The Financial Crimes Enforcement Network (FinCEN) hit a Texas bank with a $2 million Assessment of Civil Money Penalty for Bank Secrecy Act and anti-money laundering (BSA/AML) violations of Section 312 of the USA PATRIOT Act related to a correspondent relationship with a Mexican bank.

What happened

The privately held community bank—located in Pharr, TX, with more than $2.2 billion in assets and 28 branch locations—admitted to the facts set forth in the regulator’s Assessment of Civil Money Penalty that it willfully violated the BSA’s program and reporting requirements from 2010 through 2014. More specifically, the bank failed to establish and implement an adequate AML program, conduct required due diligence on a foreign correspondent account and report suspicious activity.

“[The bank’s] failures in these areas allowed a single foreign financial institution to move hundreds of millions of U.S. dollars in suspicious bulk cash shipments through the U.S. financial system in less than two years,” according to the Assessment.

As set forth by the BSA and implementing regulations, banks are required to develop and provide for the continued administration of an AML program reasonably designed to assure and monitor compliance with the BSA’s recordkeeping and reporting requirements.

But the Texas bank had repeated deficiencies, FinCEN said, including failing to collect and analyze information necessary to assess each customer’s risk and to develop and implement specific customer risk profiles; neglecting to identify the intended purpose of the customer’s account, the anticipated activity within the account, the nature of the customer’s business, the types of bank products and services used by the customer, and geographic indicators of risk; and failing to appropriately risk-rate certain of its customers during the account opening process.

The bank had knowledge of these deficiencies and did not correct them, FinCEN added. An external auditor found that information was missing or incorrect for 37 out of 50 accounts reviewed in a testing sample in 2014, while the bank had 4,888 outstanding alerts, 627 cases and 213 internal referrals during the period from January through November 2014.

Other problems occurred with the due diligence requirements for correspondent accounts for foreign financial institutions. Between May 2010 and November 2011, the bank provided U.S. currency bulk cash deposit and other correspondent banking services to a large financial institution headquartered in Mexico. “During this time period, the bank allowed approximately $260 million to flow through the foreign bank’s account without sufficient controls in place to detect and report suspicious activity,” FinCEN wrote.

The errors began with the account opening process, when the bank failed to identify well-known and public information about the principal owner of the foreign bank (who had agreed to pay civil penalties to the U.S. Securities and Exchange Commission to resolve allegations of securities fraud) or verify the accuracy of assertions from the foreign bank regarding the source of funds, purpose and expected activity.

Despite red flags, the bank further failed to adequately investigate increasing cash deposits of U.S. dollars and unusual wire activity in the account. For example, at the account opening, the foreign bank stated that monthly deposits of U.S. currency would be in amounts from $8 million to $9 million, with $3 million to $4 million expected to remain in the account. In reality, the deposits were two to three times greater—but the bank conducted no investigation into the cause.

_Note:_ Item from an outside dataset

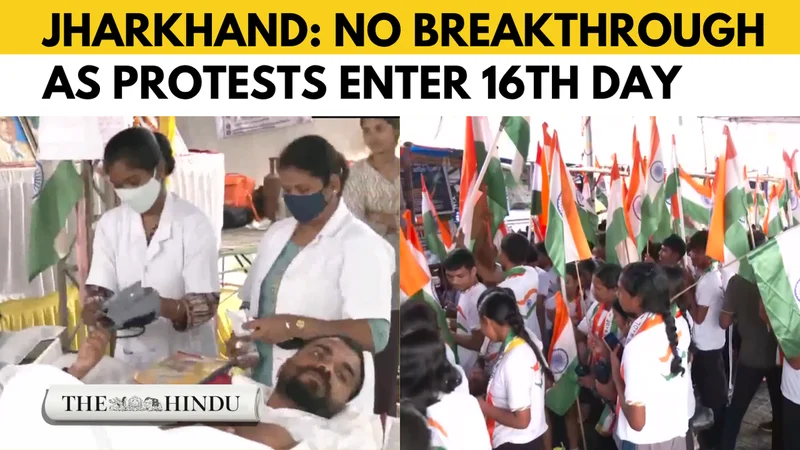 Watch: Jharkhand protest: Govt to hold sixth round of talks with student representatives today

In addition, the foreign bank requested a substantial number of wire transfers with the date of the transaction embedded into the dollar amount of the transfer (a wire transfer conducted on June 3 would be in the amount of $1,000,003.06). “[The bank] did not identify the issue in monitoring and could provide no explanation for what appeared to be a suspicious pattern embedded in each outgoing wire transfer to match the date it was sent,” according to the Assessment.

Further BSA/AML violations occurred when the bank did not file Suspicious Activity Reports (SARs), FinCEN said. Based on a review ordered by the Office of the Comptroller of the Currency (OCC) as part of an earlier enforcement action, the bank was required to file 161 SARs, 69 related directly to cash structuring and 92 related to other types of suspicious activity, representing approximately $131 million in previously unreported suspicious activity.

The bank addressed the BSA/AML deficiencies through “significant measures” recommended by both FinCEN and the OCC, with updated policies on due diligence measures and account opening procedures. The bank closed its accounts with the foreign bank and modified its customers and services to mitigate money laundering risks of certain accounts. New senior management and board level committees were formed to ensure the implementation and maintenance of the new plans.

Given these changes—and the bank’s cooperation with the regulator—FinCEN assessed a $2 million civil penalty, with $1 million partially satisfied by a payment already made to the OCC in 2015.

To read the Assessment of Civil Money Penalty, click here.

Why it matters

Announcing the Assessment, FinCEN sounded a cautionary note. “The action underscores the dangers that institutions face when taking on international correspondence activities without properly equipping themselves to manage such business,” the regulator wrote in a statement. “Smaller banks, just like the bigger ones, need to fully understand and follow the 312 due diligence requirements if they open up accounts for foreign banks,” added FinCEN Acting Director Jamal El-Hindi. “The risks can indeed be managed, but not if they are ignored.”